Saturday, 5 February 2022

Whether contents of panchnama are proved if panch witnesses have not deposed what they have seen on the spot?

Unfortunately neither the learned First Class Magistrate nor the Police Prosecutor who conducted the prosecution cared to prove the opponent's admission contained in the panchama through the panch when he was being examined on behalf of the prosecution. The panchnama was bodily admitted into evidence and the panch was merely asked to identify the signature below it. This procedure is entirely illegal. A panchnama can never be treated as substantive evidence of the facts recorded therein. These facts have to be proved independently of the panchnama by the testimony on oath of the panch who had seen these facts and who was a party to the panchnama. The Panchnama is useful only to corroborate or contradict the panch witness or to refresh his memory.

 Gujarat High Court

Kadiya Kanbi Bhavan Manji vs Ismail Mamad And Anr. on 11 January, 1954
Equivalent citations: 1955 CriLJ 274
Author: Baxi
Bench: Chhatpar, Baxi


(1) This revision application has been preferred by the complainant Kadiya Kanbi Bhavan Manji of Bodka against the order of the Sessions Judge, Halar Division, passed in appeal from the order of the First Class Magistrate, Dhrol-Jodiya.

(2) The opponent and four others were prosecuted before the learned Magistrate for offences punishable Under Sections 457 and 380 I.P.C. in respect of a burglary which was committed in the complainant's shop after the midnight of 22-3-1952. The shop was found broken open and currency notes of Rs. 1790/- some change and cloth worth Rs, 1634/- were found stolen away. The accused No. 1 and the present opponent, who was accused No. 2 before the Magistrate, were convicted by him while the rest of the accused persons were acquitted.

In the course of police investigation the opponent took the police and panchas to his house and dug up from the osri a purse which was found to contain Rs. 312-5-4 in currency notes of different denominations and copper coins. This discovery was recorded in a panchnama Ex. 7 along with discovery of other articles made by the accused at Kanbi Gada's vadi.

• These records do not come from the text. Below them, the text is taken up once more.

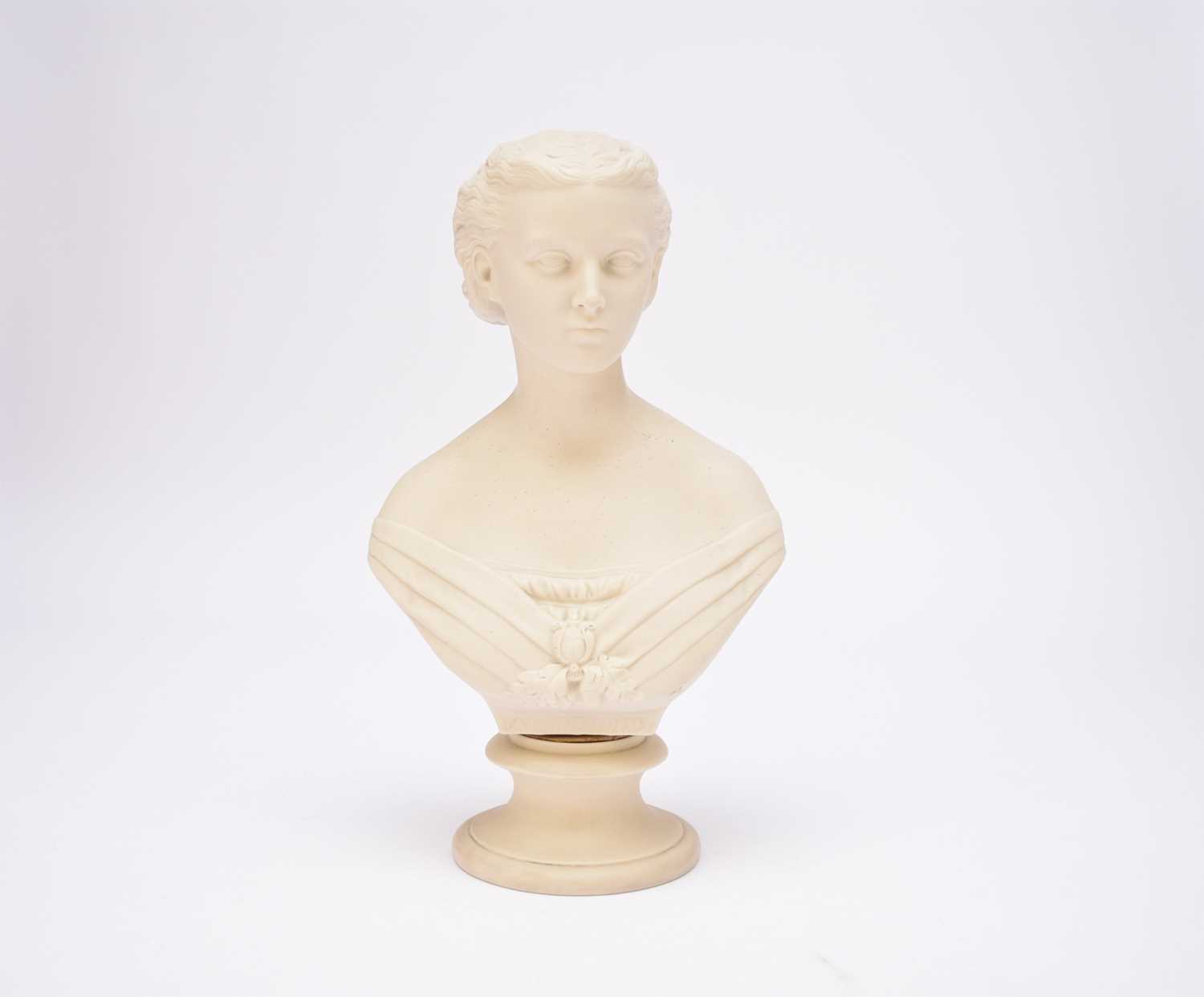 Lot 227 - Copeland parian bust of Princess Alexandra after Thorneycroft
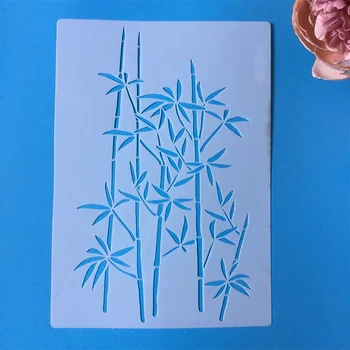 

Hot A4 Bamboo DIY Layering Stencils Painting Scrapbook Coloring Embossing Album Decorative Paper Card Template
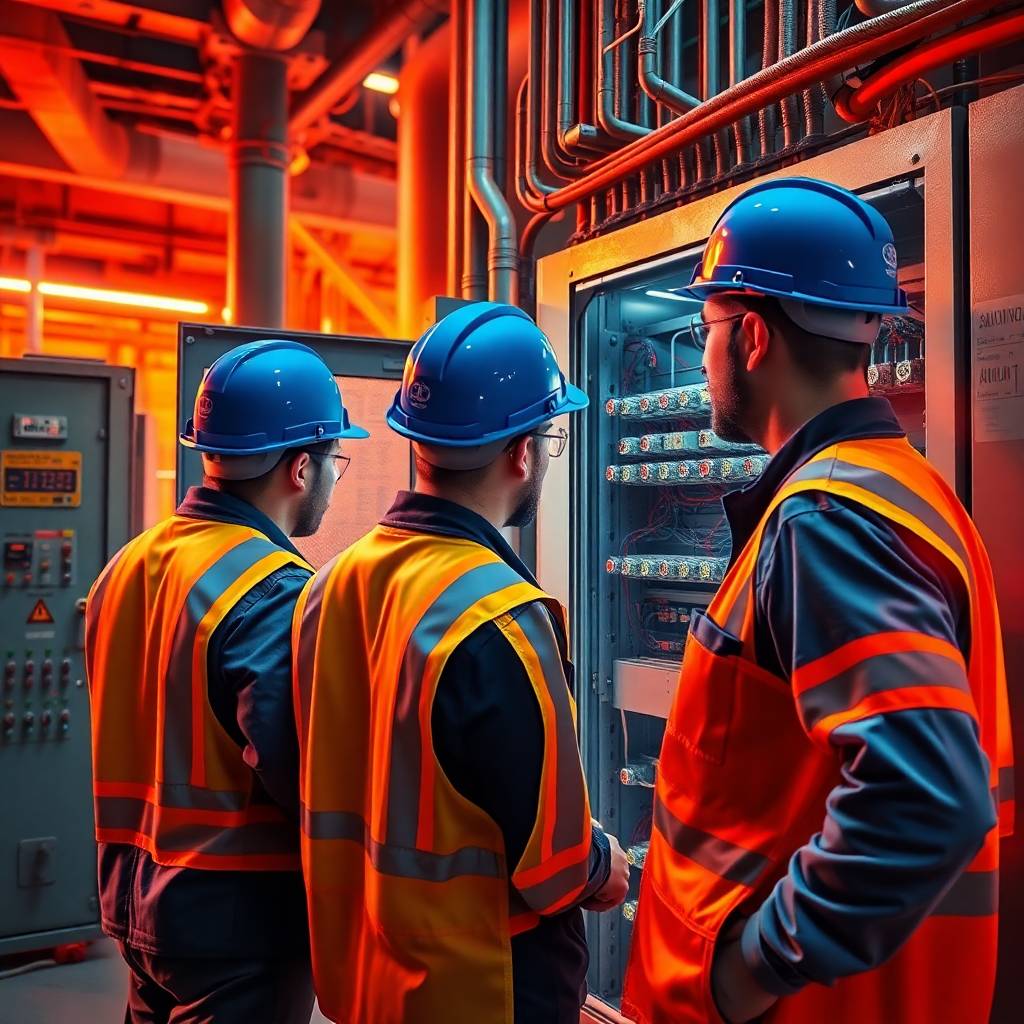 Equipe Protovolt Engenharia em projeto elétrico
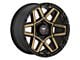 Mamba Offroad Wheels M23 Matte Black with Bronze Face 6-Lug Wheel; 20x9; -12mm Offset (04-15 Titan)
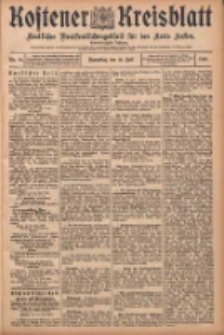 Kostener Kreisblatt: amtliches Ver&ouml;ffentlichungsblatt f&uuml;r den Kreis Kosten 1906.07.19 Jg.41 Nr86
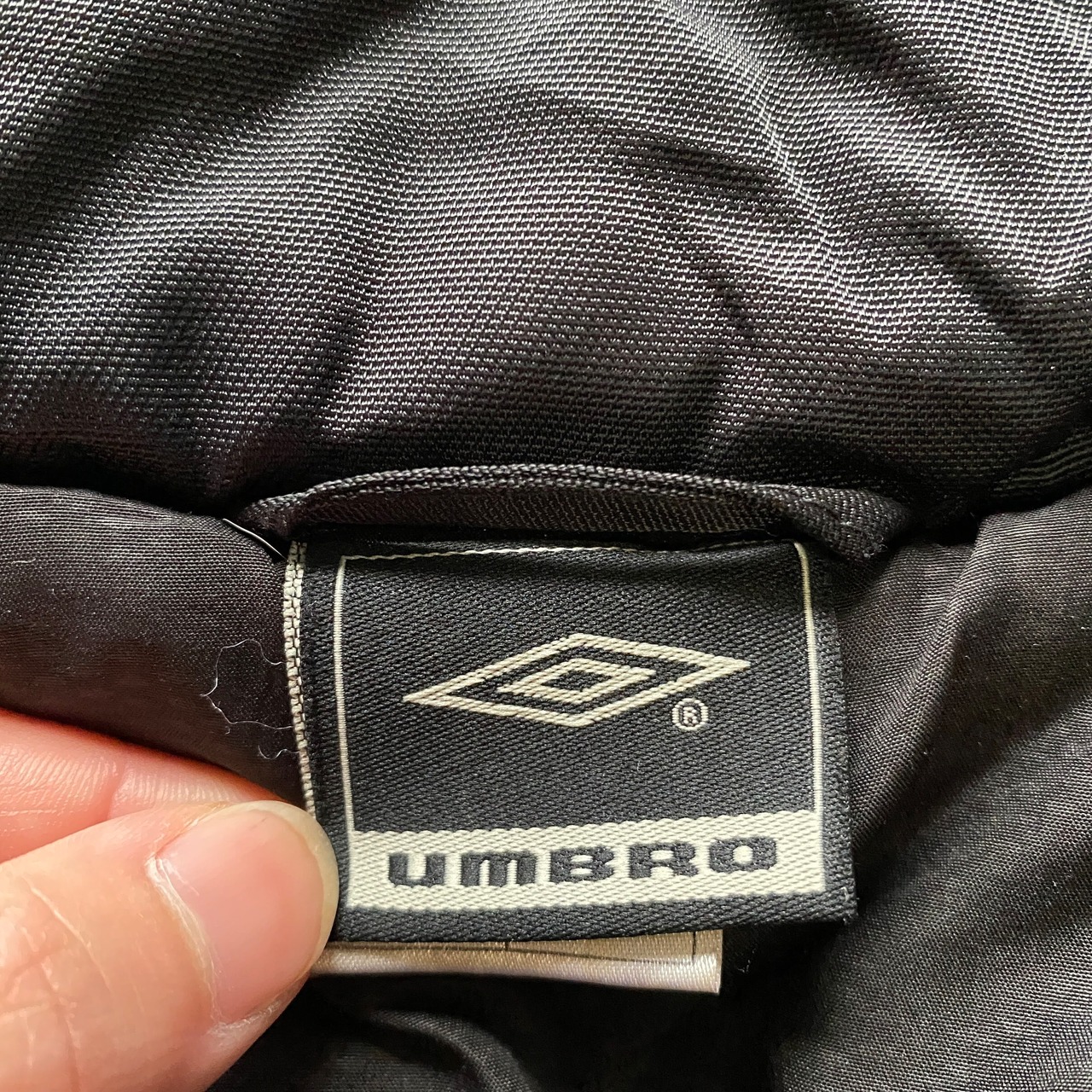 UMBRO アンブロ ロゴ刺? 中綿 ベンチコート フード着脱 メンズM 古着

The panchnama records that the opponent offered to discover the currency notes and loose coins which had come to his share and took them to his house where he dug out the purse, The complainant is stated to have identified the money contained in it as his property. The opponent in his statement recorded Under Section 342 Or. P. C. admitted the discovery but he stated that the money represented the sale proceeds of his bullocks. The learned Magistrate held that as the complainant had Identified the money and as the opponent had not proved that he had sold any bullocks, it must be held to be stolen property and while convicting the opponent he ordered this sum to be paid to the complainant. His order is made Under Section 517, Or. P. C.

The opponent preferred an appeal against his conviction to the Sessions Judge Halar Division, who dismissed the appeal and confirmed the sentence but ordered this amount to be returned to the opponent. He appears to have been impress ed by the admission of the police Prosecutor that the money had not been identified. Peeling aggrieved by this order the complainant has approached this Court in revision.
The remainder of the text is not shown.